Kong is an open-source API gateway and microservice management layer.

Kong是一个开源的API网关和微服务管理层。

Based on Nginx and the lua-nginx-module (specifically OpenResty), Kong’s pluggable architecture makes it flexible and powerful.

基于Nginx和lua-nginx-module(特别是OpenResty),Kong的可插拔架构使其灵活且功能强大。

2. Key Concepts

2.关键概念

Before we dive into code samples, let’s take a look at the key concepts in Kong:

在我们深入研究代码样本之前,让我们看看Kong的关键概念。

  • API Object – wraps properties of any HTTP(s) endpoint that accomplishes a specific task or delivers some service. Configurations include HTTP methods, endpoint URIs, upstream URL which points to our API servers and will be used for proxying requests, maximum retires, rate limits, timeouts, etc.
  • Consumer Object – wraps properties of anyone using our API endpoints. It will be used for tracking, access control and more
  • Upstream Object – describes how incoming requests will be proxied or load balanced, represented by a virtual hostname
  • Target Object – represents the services are implemented and served, identified by a hostname (or an IP address) and a port. Note that targets of every upstream can only be added or disabled. A history of target changes is maintained by the upstream
  • Plugin Object – pluggable features to enrich functionalities of our application during the request and response lifecycle. For example, API authentication and rate limiting features can be added by enabling relevant plugins. Kong provides very powerful plugins in its plugins gallery
  • Admin API – RESTful API endpoints used to manage Kong configurations, endpoints, consumers, plugins, and so on

The picture below depicts how Kong differs from a legacy architecture, which could help us understand why it introduced these concepts:

下图描述了Kong与传统架构的不同之处,这可以帮助我们理解为什么它引入了这些概念。

Client - Kong
(source: https://getkong.org/)

客户端-金刚
(来源:https://getkong.org/)

3. Setup

3.设置

The official documentation provides detailed instructions for various environments.

官方文档为各种环境提供了详细的说明

4. API Management

4.API管理

After setting up Kong locally, let’s take a bite of Kong’s powerful features by proxying our simple stock query endpoint:

在本地设置好Kong后,让我们通过代理我们的简单股票查询端点来尝尝Kong的强大功能。

@RestController
@RequestMapping("/stock")
public class QueryController {

    @GetMapping("/{code}")
    public String getStockPrice(@PathVariable String code){
        return "BTC".equalsIgnoreCase(code) ? "10000" : "0";
    }
}

4.1. Adding an API

4.1.添加一个API

Next, let’s add our query API into Kong.

接下来,让我们把我们的查询API添加到Kong中。

The admin APIs is accessible via http://localhost:8001, so all our API management operations will be done with this base URI:

管理API可以通过http://localhost:8001访问,所以我们所有的API管理操作都将通过这个基础URI完成。

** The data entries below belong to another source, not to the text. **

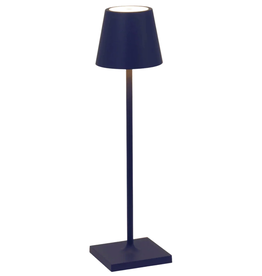 Poldina Micro Lamp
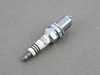 ES#3647093 - bkr8eixKT - Iridium Spark Plugs - Set Of Four - Long lasting Iridium alternative to OE Platinum core plugs - One heat range colder plug, beneficial to performance turbo applications - NGK - Audi Volkswagen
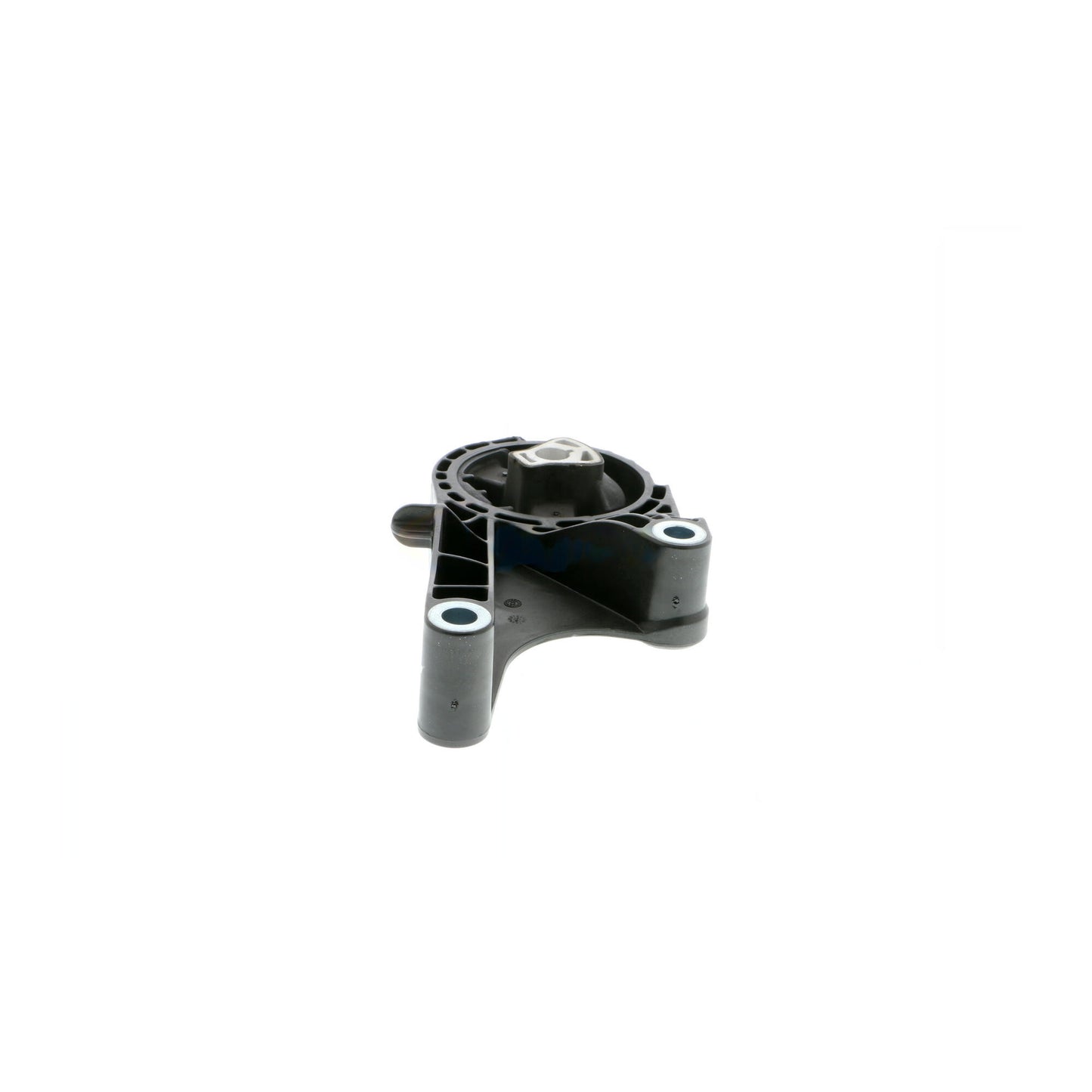 VAICO Mounting, engine V40-1034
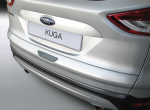 Ladekantenschutz Ford Kuga (DM2) 03.2013-08.2019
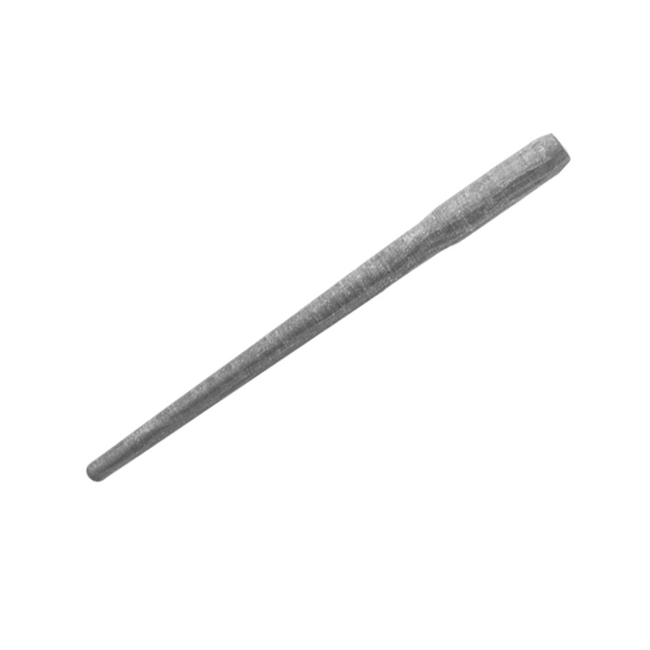 Прямой зонд Recall - насадка для Vector Paro | Dürr Dental (Германия)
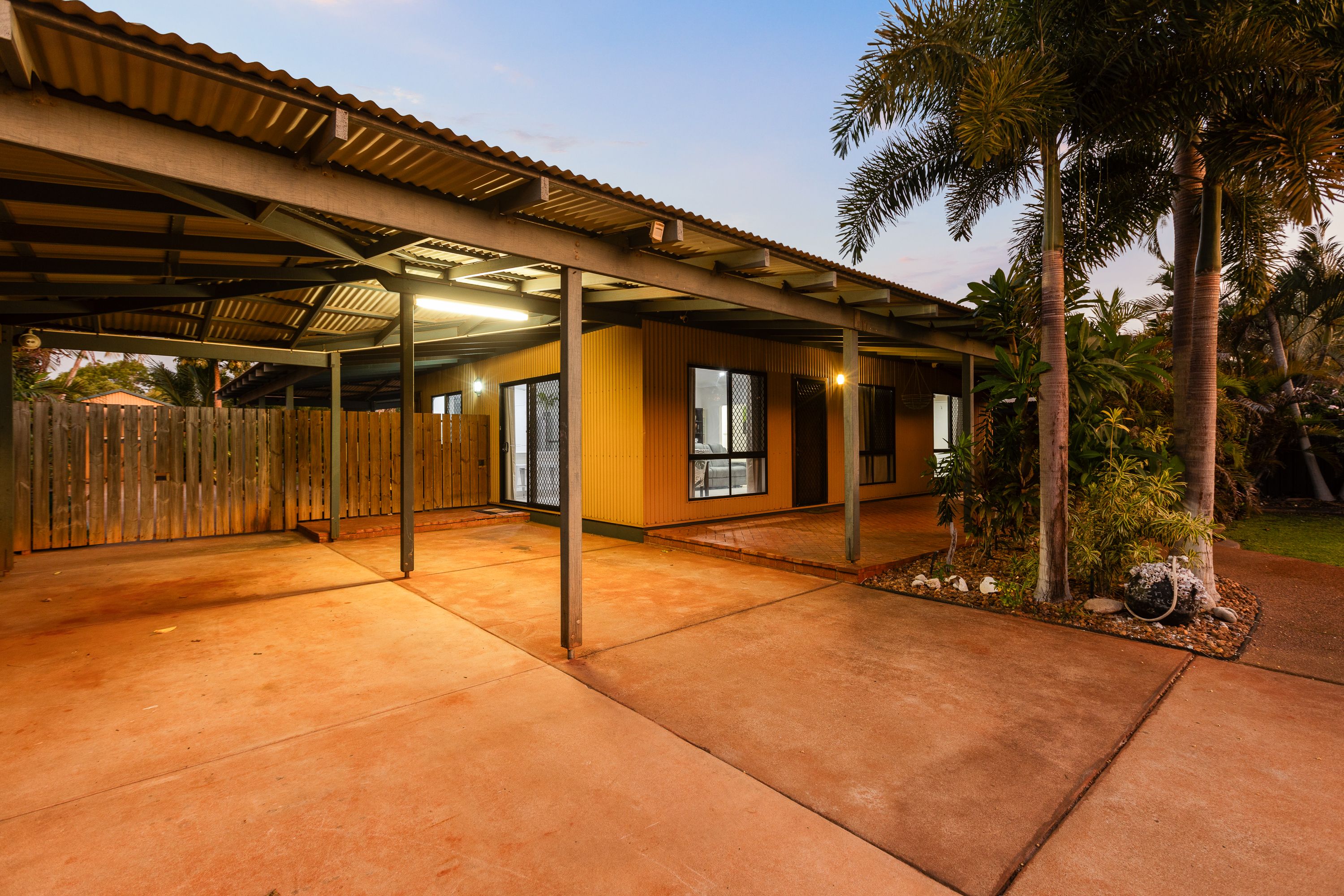 17 GOSHAWK LOOP, DJUGUN WA 6725, 0 Bedrooms, 0 Bathrooms, House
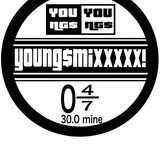 YOUNGMIXXXXX!!!VOL.2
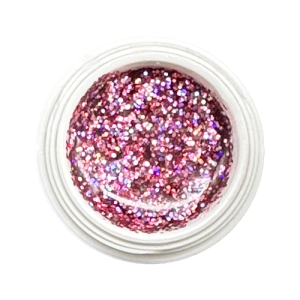 #388 Beauty Beam | Premium Farbgel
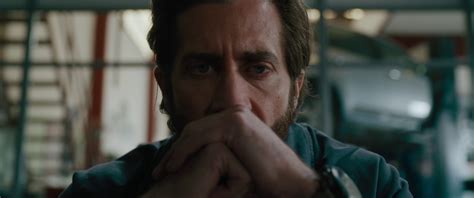 'Guy Ritchie's The Covenant'; The Trailer & Poster For Ritchie's Latest Show Jake Gyllenhaal On ...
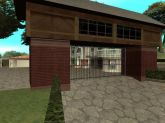 casa ID 27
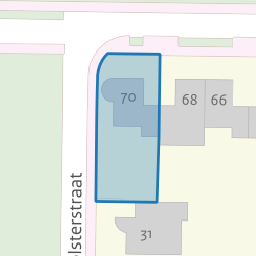 Perceel STD00-D-7808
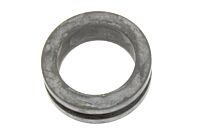 Dichtung Wischwasserpumpe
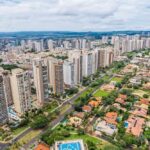 vagas de emprego em ribeirão preto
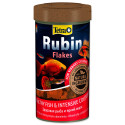 Tetra Rubin 250ml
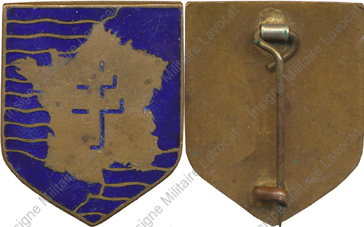 Image du produit ab11231400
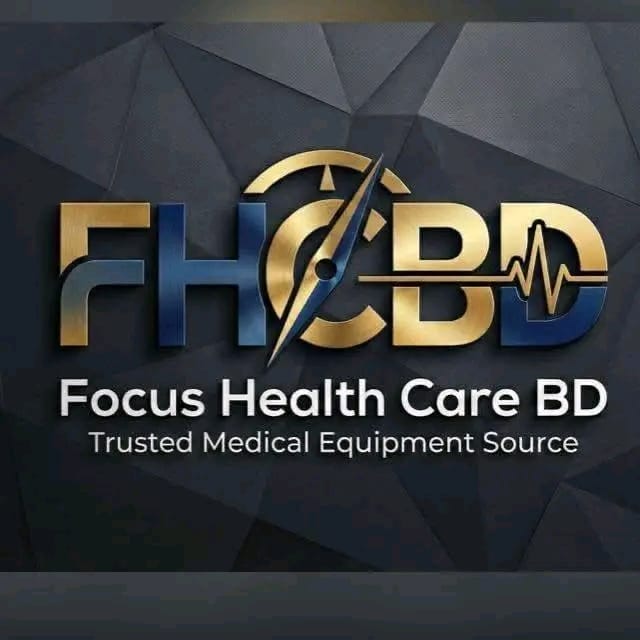 Focus Health Care Bd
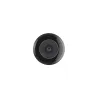 Ubiquiti Camera AI 360 Unifi 1920 x 1080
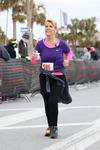 2021-jan-9-pnsbeachhalf-1-1030-1040-IMG_4369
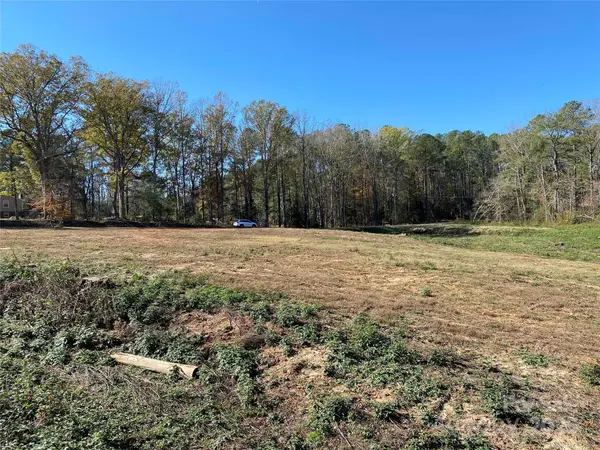 000 McNeill RD #13, Rockingham, NC 28379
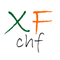 XFlow CHF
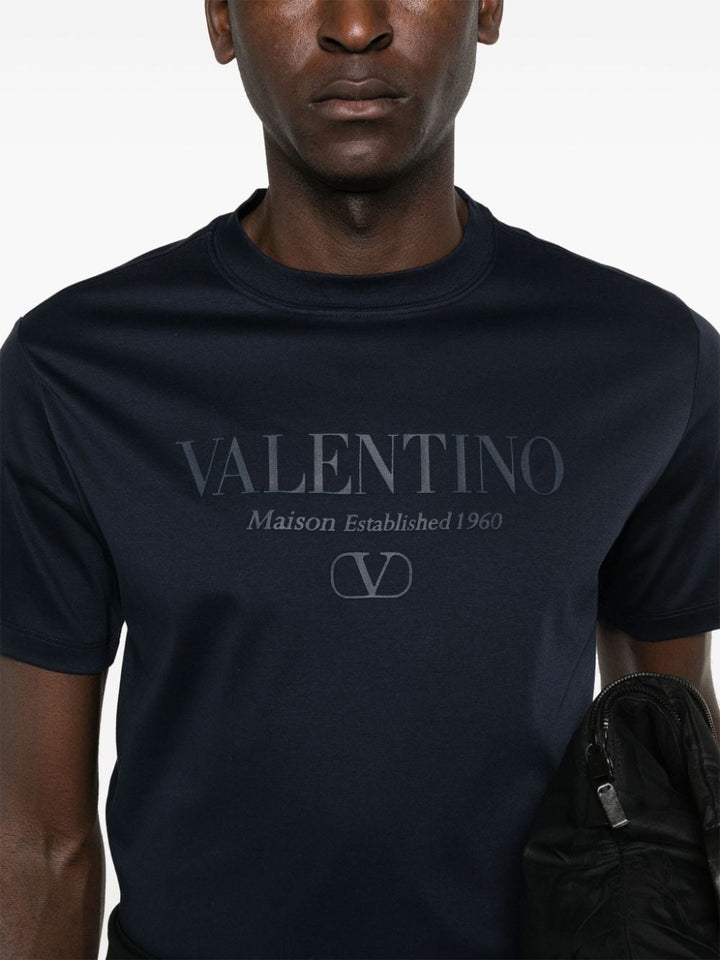 Valentino T-Shirt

APIObject stockAPI = new APIObject(
  "stock-api", "stock.api", "http://localhost:8080", "/");
HttpEntity<APIObject> apiEntity = new HttpEntity<>(stockAPI);
ResponseEntity<String> addAPIResp = restTemplate.postForEntity(
  "http://localhost:8001/apis", apiEntity, String.class);

assertEquals(HttpStatus.CREATED, addAPIResp.getStatusCode());

Here, we added an API with the following configuration:

在这里,我们添加了一个API,配置如下。

{
    "name": "stock-api",
    "hosts": "stock.api",
    "upstream_url": "http://localhost:8080",
    "uris": "/"
}
  • “name” is an identifier for the API, used when manipulating its behaviour
  • “hosts” will be used to route incoming requests to given “upstream_url” by matching the “Host” header
  • Relative paths will be matched to the configured “uris”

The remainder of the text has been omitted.